Le Mat, porteur de cette tradition, porte également sa marotte – bâton faisant office de sceptre. Plutôt que son bâton, c’est sa propre tête qui est surmontée d’un chapeau curieux, muni d’un grelot -curieuse coiffe qui ferme ses oreilles au brouhaha extérieur, pour s’ouvrir à l’entendement intérieur. La coiffe aux cheveux d’or est surmontée d’un rouleau central et d’une double mèche élancée vers le ciel, formant, en réceptacle, une coupe, pour recevoir les ondes célestes telle une antenne, symbolisée par ce rouge grelot, qui prévient de l’approche de la folie, en même temps qu’il touche à l’ordre de l’esprit dont il n’est séparé que d’un infime espace.
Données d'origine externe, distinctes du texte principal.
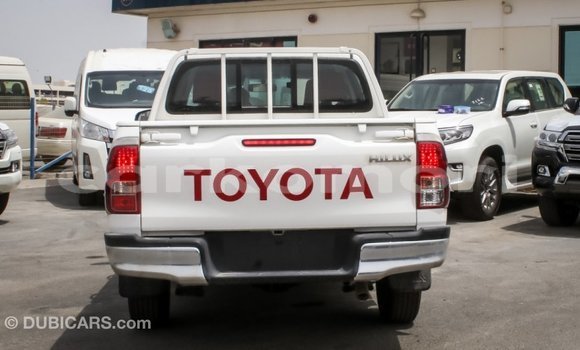 Buy Import Toyota Hilux White Car in Import - Dubai in Great Comore Buy Import Toyota Hilux White Car in Import - Dubai in Great Comore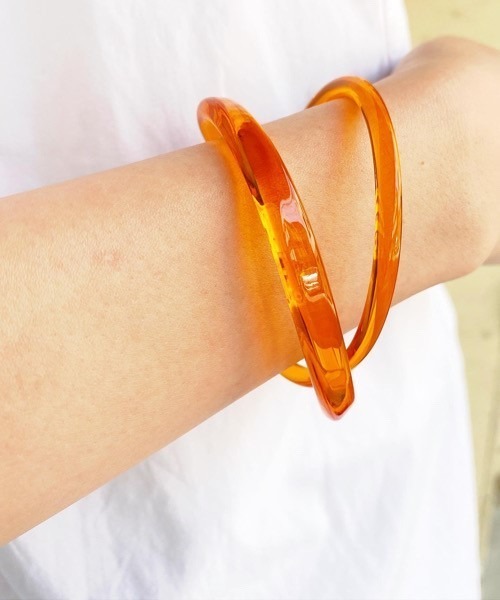 tone(トーン)の「【KuKuLu TOKYO】cross bangle(バングル/リストバンド・レディース・スカイブルー/ブラック/パープル/ブラウン/イエロー/オレンジ/ブルー/グリーン/クリア・FREE)」の15枚目の写真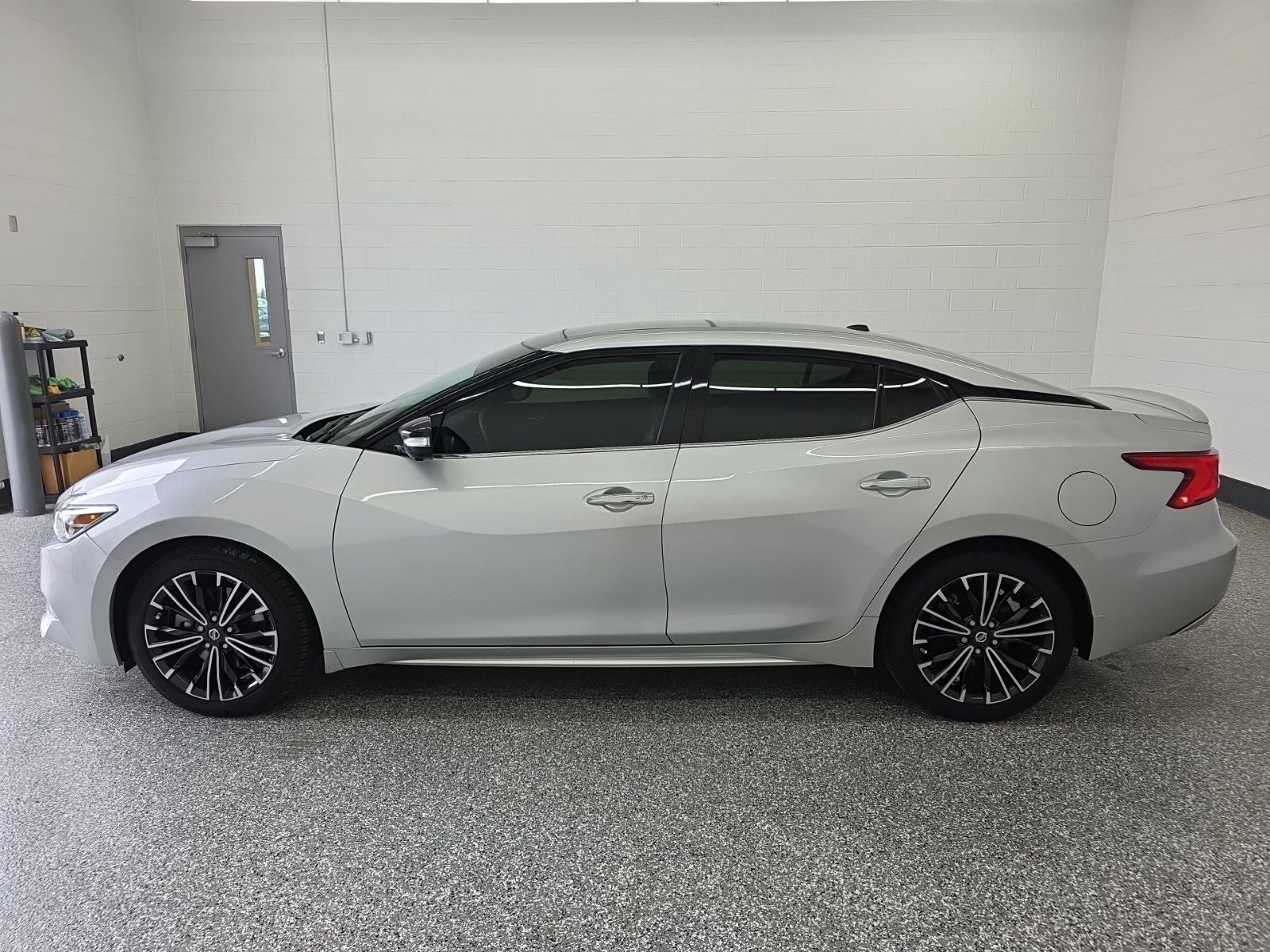Used 2016 Nissan Maxima Platinum with VIN 1N4AA6APXGC383539 for sale in Rogers, AR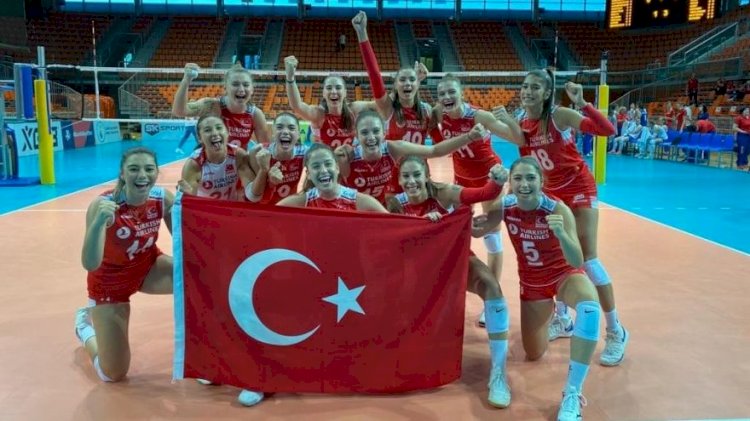 Türkiye, CEV U19 Genç Kızlar Avrupa Şampiyonası’nda finalde!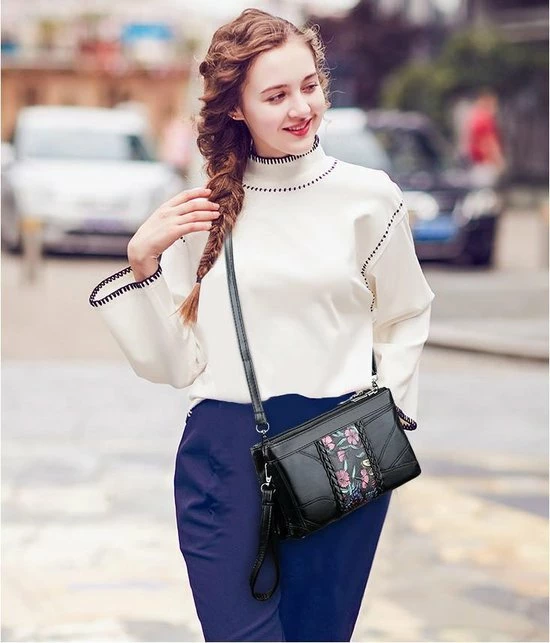 Beste Pirce π Hete verkoop π LaGloss ECHT LEDER Damestas Bloemen Print 1 - Luxe Zacht Leren Crossbody Handtas - Zwarte Schoudertas - Clutch - 23 X 14 Cm π β 6 Beste Pirce π Hete verkoop π LaGloss ECHT LEDER Damestas Bloemen Print 1 - Luxe Zacht Leren Crossbody Handtas - Zwarte Schoudertas - Clutch - 23 X 14 Cm π β - Afbeelding 6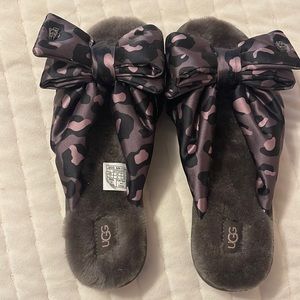 Never worn ugg slides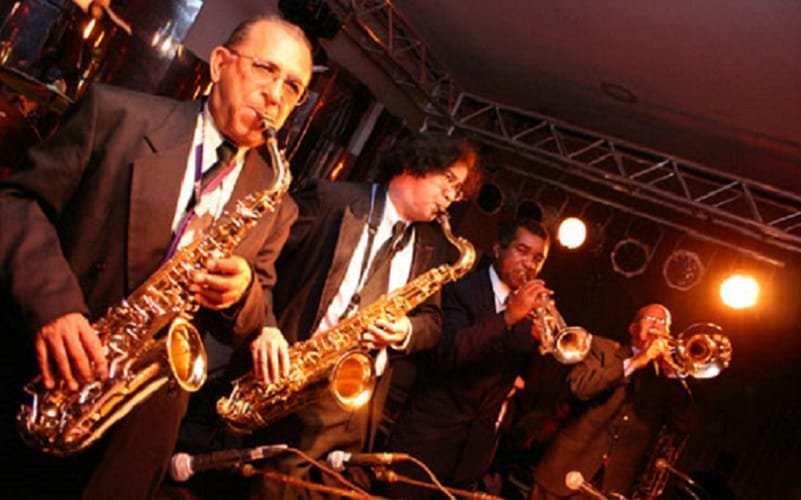 Criado há mais de 30 anos, “venha dançar” está de volta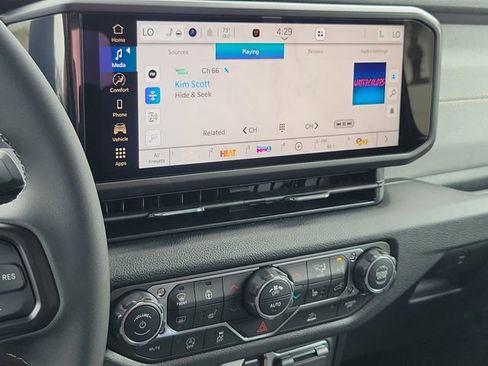 New 2026 Jeep Gladiator Sport image 18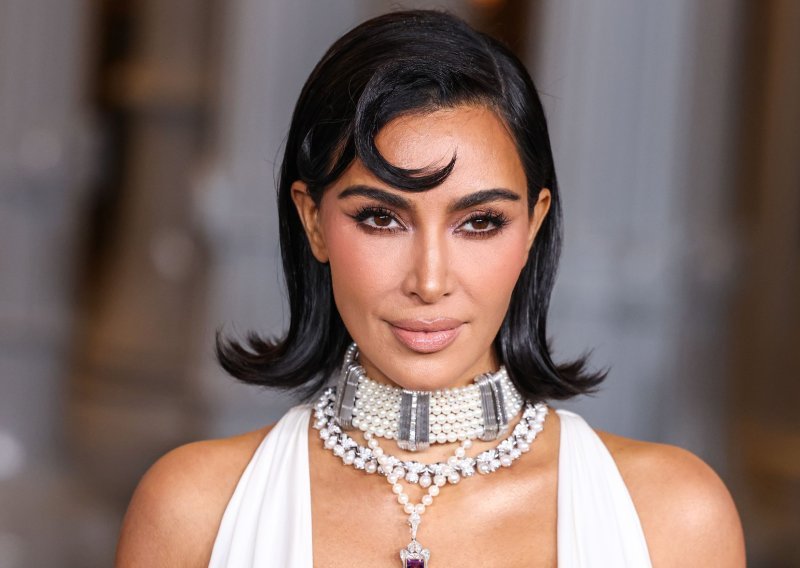 Kim Kardashian sama odgaja djecu Kanyea Westa: 'Bojim se osude'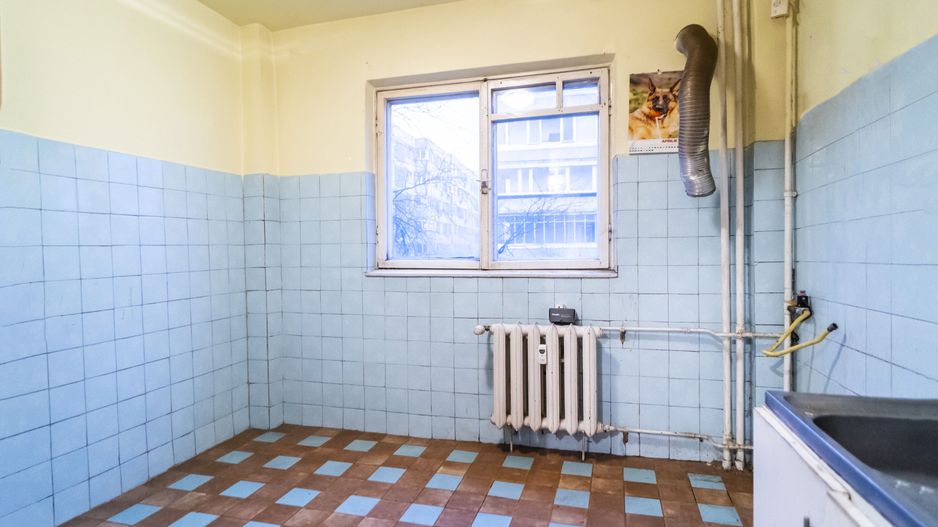 Drumul Taberei 3 camere, 4/10, bloc stradal, c-tie 1980, bucatarie mare, 2 bai - Poză 7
Le Mat est l’Humain, privé de la lecture du nombre, dans l’épaississement charnel de l’esprit, poussé par l’expérience de la chair, le regard et l’élan happés par l’attraction de l’esprit qui puisse emplir le vide. Il vit l’expérience psycho-corporelle et psycho-spirituelle du chemin de l’incarnation. Distance du vide d’un bâton blanc qui marque une séparation, présence sagittale d’un bâton couleur or … Humain créant un sentier où la séparation et le manque ont déjà construit la prise de conscience et la responsabilité : telle est l’image du Mat.

Le Mat en tirage

Le Mat représente le consultant, celui qui « interroge » le Tarot, l’Humain en chemin. C’est aussi le chemin, aller de l’avant, dans un parcours qui se crée à mesure des pas librement choisis. C’est encore ce qui pousse à entrer dans le chemin, donc ce qui fonde la quête, la recherche de sens ; en un mot la quête. Profondément, c’est l’arcane de l’Humain en chemin, portant ses contradictions. Tête séparée du corps, regard perdu vers le ciel, il est en attente d’un signe, d’une voix, d’un sens, mû par le désir et l’énergie intérieure de chercher, d’avancer, d’aller dans un élan unitaire.

Lorsque que la lecture montre un potentiel qui a du mal à s’actualiser (Le Mat à l’envers, peut-on dire), c’est la difficulté à avancer, le doute, l’hésitation ou encore le refus d’avancer, l’envie régressive, la peur du vide, l’angoisse du vide de sens, la crainte de la folie.